Hasta ahora España estaba considerando a BFA como un “intermediario financiero”, por lo que no incluía su pasivo dentro de la deuda del Estado. Una decisión técnica que ha servido para aliviar el montante del endeudamiento público durante los últimos años. Sin embargo, esto va a cambiar ahora después de que Eurostat haya exigido al INE que ajuste su cálculo a la metodología SEC2010 (Sistema Europeo de Cuentas).

Lo que pide Europa es que se contabilice la entidad dentro de la partida de “Empresas que se clasifican como Administración Central”, de modo que se tiene que contabilizar como parte de las cuentas públicas.

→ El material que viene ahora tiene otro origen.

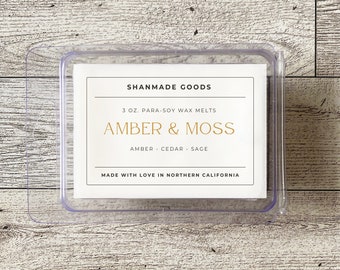 ShanMade Goods - "Amber & Moss" Para-Soy Wax Melts 3 0z. Wax Melts. Amber Moss Sage Camphor Earthy Masculine Scent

Esta reclasificación de la empresa pública propietaria de Bankia ya está actualizada dentro de la Sectorización de la Economía Española que realiza el Banco de España y, por tanto, se pasará a actualizar toda la deuda pública, que se revisará al alza.

Al borde del 100%

Eurostat indica que, como empresa incluida dentro de la Administración Central, se tiene que contabilizar su deuda desde el momento en el que se nacionalizó la entidad a través del Frob, en el año 2012, para realizar el rescate de Bankia. Sin embargo, reconoce en la carta enviada al INE que, como es complicado contabilizar los activos y pasivos en la mitad del año, el cálculo debe realizarse a partir de enero de 2013, ya con las cuentas de 2012 cerradas. De este modo, España tiene que revisar los datos de deuda pública de los últimos tres años, aunque todavía está por determinar cómo lo hará.

Ahora es el turno del Comité Técnico de Cuentas Nacionales, conformado por el INE, el Banco de España y la Intervención General del Estado, realizar la actualización conforme con las exigencias de Eurostat. Este cambio trastoca los datos de deuda y déficit que había publicado el Gobierno y, no sólo eso, también podría derribar la barrera psicológica e histórica del 100% de deuda pública.

Con las cifras actuales, el dato más próximo es el del primer trimestre de 2015, cuando el endeudamiento de las administraciones públicas alcanzó el 99,7% del PIB. Todavía es pronto para determinar si se alcanzará esta barrera, pero esas tres décimas de hace un año ya están muy cerca. El margen es de poco más de 3.000 millones de euros para una entidad que al cierre de 2014 tenía un pasivo de 16.500 millones de euros, lo que significa un punto y medio del PIB español.

El objetivo de déficit

La actualización de la deuda pública también obligará a revisar los datos del déficit público. Si el Gobierno de Rajoy nunca cumplió con los objetivos de estabilidad marcados por Bruselas, esta reclasificación de BFA separa todavía más el camino de España del acordado con sus socios.

España enviará este jueves a Eurostat los datos de deuda y déficit públicos que se exigen bajo el Protocolo de Déficit Excesivo (PDE). Sin embargo, no está claro que estén ya incorporada la actualización de la clasificación de BFA, ya que el INE recibió la comunicación oficial de la oficina estadística europea a mediados de este mes de marzo. Además, el cálculo de la reclasificación no comenzó de forma inmediata, ya que era necesario que los miembros del Comité Técnico de Cuentas Nacionales ajustasen con Eurostat los detalles de la reclasificación. En cualquier caso, esta vez el Gobierno no puede mirar hacia las comunidades autónomas para encontrar un culpable de este aumento del déficit.